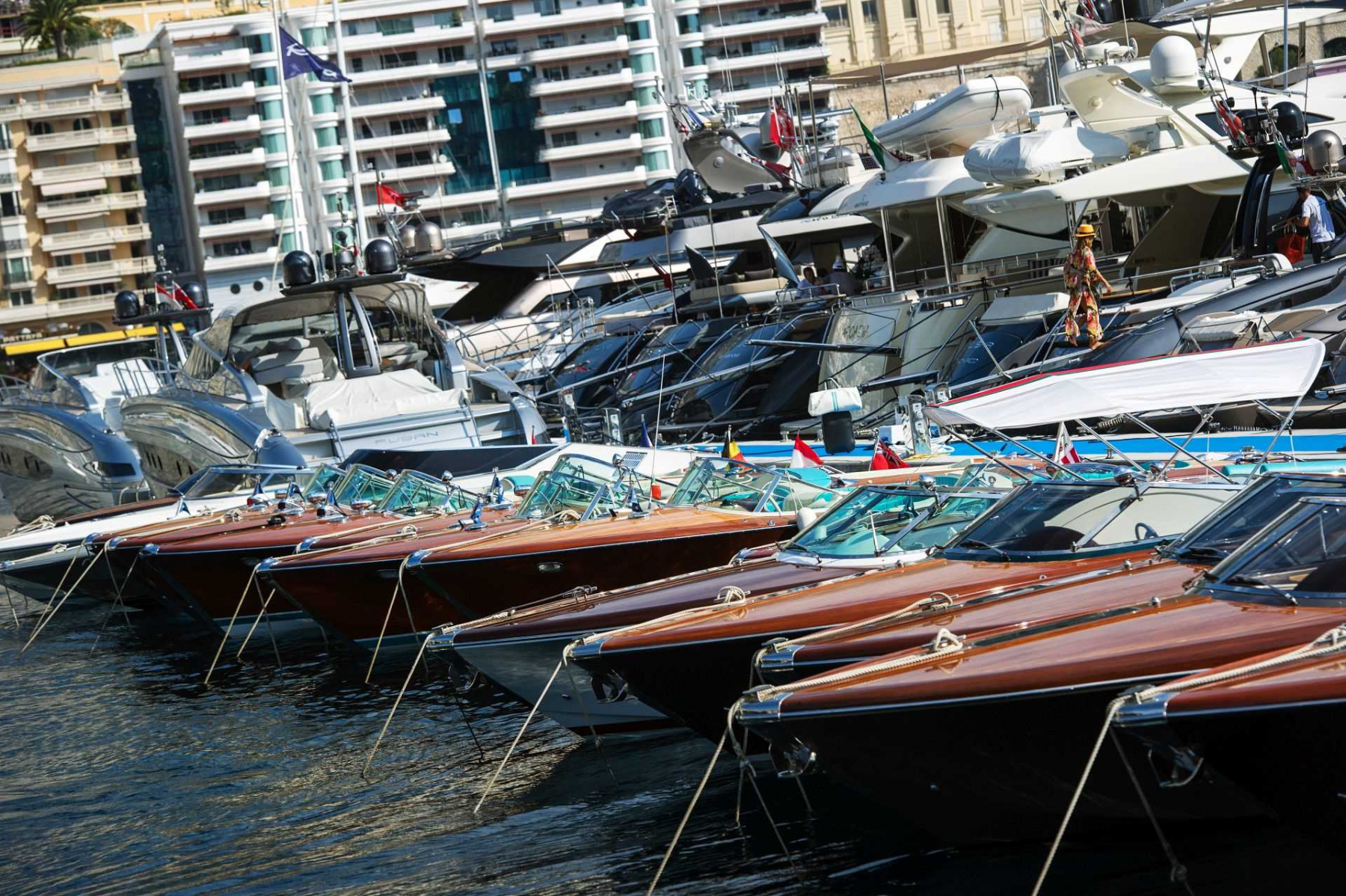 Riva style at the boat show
───
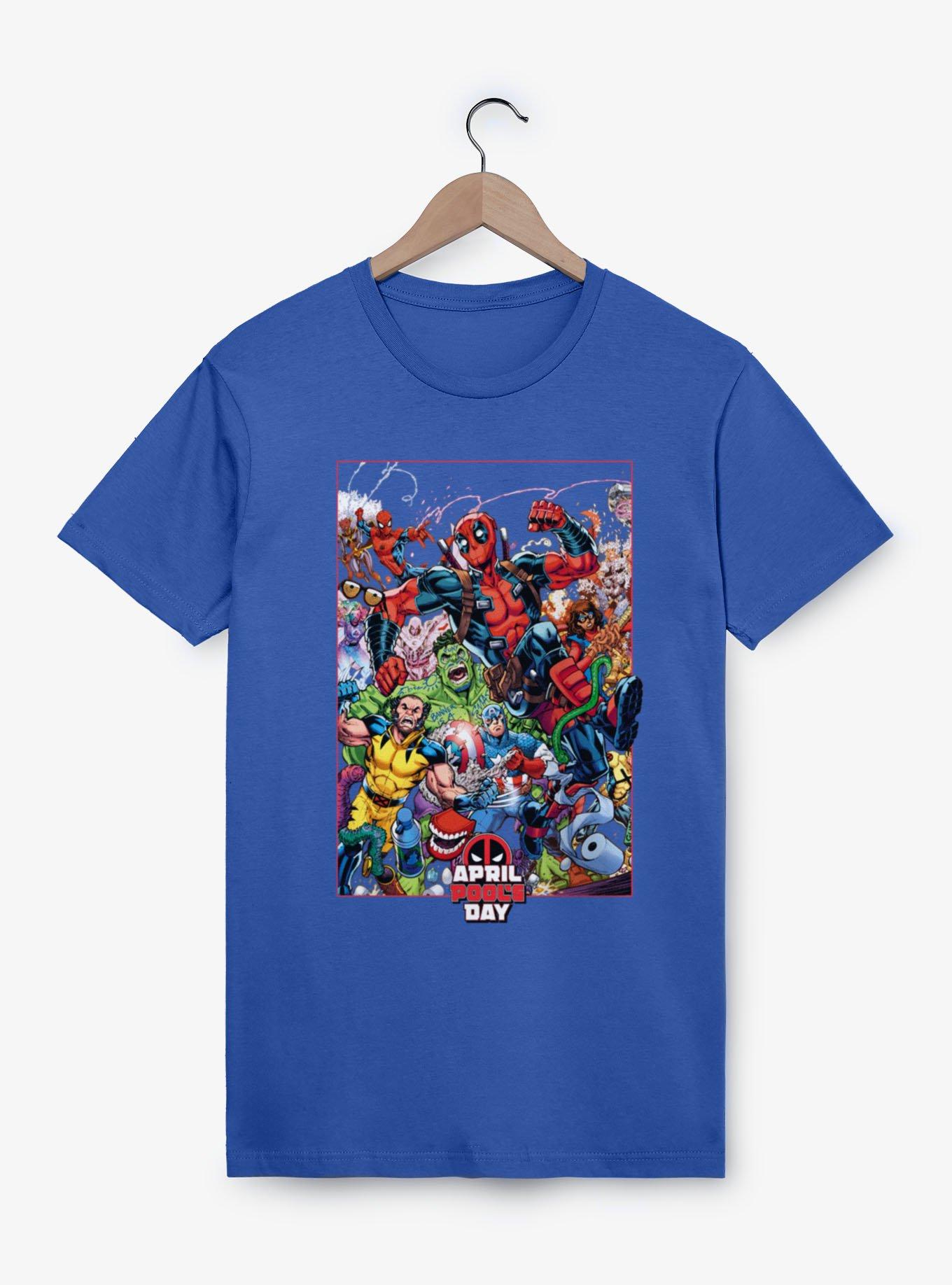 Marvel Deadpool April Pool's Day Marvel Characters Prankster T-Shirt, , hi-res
───
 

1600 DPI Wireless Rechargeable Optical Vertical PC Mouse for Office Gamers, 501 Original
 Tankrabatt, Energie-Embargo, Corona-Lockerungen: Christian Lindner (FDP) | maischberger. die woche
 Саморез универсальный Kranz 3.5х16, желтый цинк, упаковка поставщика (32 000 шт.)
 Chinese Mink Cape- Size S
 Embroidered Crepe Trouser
───
# Task directions
In the material above, transcribe exactly the lines beginning at the one with "Tankrabatt, Energie-Embargo, Corona-Lockerungen: Christian" and ending at the one with "Embroidered Crepe Trouser", both included.

# Reply
 Tankrabatt, Energie-Embargo, Corona-Lockerungen: Christian Lindner (FDP) | maischberger. die woche
 Саморез универсальный Kranz 3.5х16, желтый цинк, упаковка поставщика (32 000 шт.)
 Chinese Mink Cape- Size S
 Embroidered Crepe Trouser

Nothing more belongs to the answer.